Africa: The public raft of abuses by Chinese employers on the continent rising as Embassy in Namibia issues guide on how to avoid transgressions
‘Are Rights Abuses Tarnishing China's Image in Africa? 6 May 2022
An irate Chinese boss is screaming at his African workers as they take a lunch break, urging them to work harder or else the company won't make any money. While intended to be funny, the new Egyptian TV commercial -- since pulled for fear of offending Beijing -- reveals widely-held African perceptions about the way Chinese companies on the continent treat their local staff. Last month, a Rwandan court made a significant statement against the mistreatment of its citizens by sentencing mine manager Sun Shujun to 20 years in jail after a video of him whipping a tied-up worker went viral. The case sparked outrage across the continent and even elicited a rare response from the Chinese Embassy in Kigali, which warned its citizens in Rwanda "to abide by local laws and regulations."

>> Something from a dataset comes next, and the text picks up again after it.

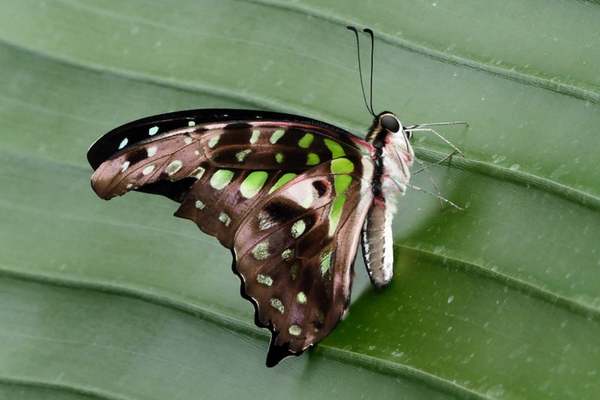 Tailed jay perched on a leaf 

… Last year a Kenyan waiter was awarded more than $25,000 in damages after he was whipped by his Chinese restaurant boss. The abuse was captured on video and showed the boss laughing while the waiter begged for forgiveness. A Kenyan court found the man had also suffered "continuous sexual harassment, corporal punishment, verbal abuse and confinement" while working at the restaurant. There have also been reports of Chinese employers mistreating locals who worked on a Chinese-built railway in Kenya documented in 2018 by The Standard newspaper. Separately, a Chinese trader was deported in a highly publicized case after using racial slurs against Kenyans, including calling the president "a monkey" in 2018. Due to its massive mineral wealth and large number of Chinese-managed mines, the Democratic Republic of Congo is another country where rights abuses are regularly recorded. On Wednesday, a Congolese investigative journalist released a report detailing how small-scale Chinese cobalt miners are using child labour.

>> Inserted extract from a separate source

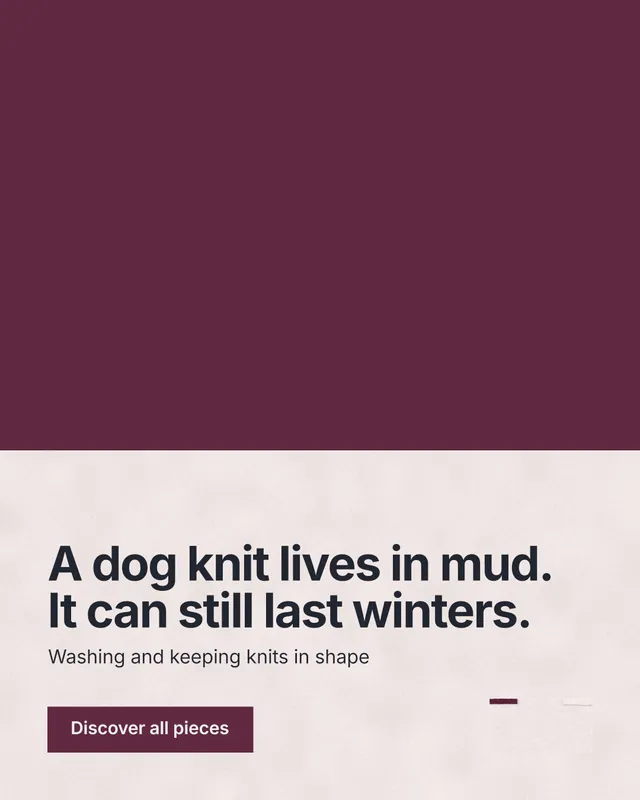 Instagram portrait post for By Teddy: "A dog knit lives in mud. It can still last winters." Swiss style, bottom layout, light palette in red, white, grey.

… In Zimbabwe too, abuses by Chinese employers of local workers have been recorded, with one of the most egregious examples in 2020 when a Chinese employer, Zhang Xuen, shot and seriously injured two Zimbabwean workers after a wage dispute at a mine in the town of Gweru. Zhang was charged with attempted murder and the case is still pending. The Chinese national was taken to court and the embassy in Harare said it was "highly concerned" about the shooting but stressed it was "an isolated incident." The embassy statement continued, "any possible illegal acts and persons who violate the law should not be shielded." Shamiso Mtisi, deputy director of the Zimbabwe Environmental Law Association (ZELA), disagrees with the embassy's statement saying the incident was isolated. He said there is a pattern of abuse by Chinese employers in Zimbabwe.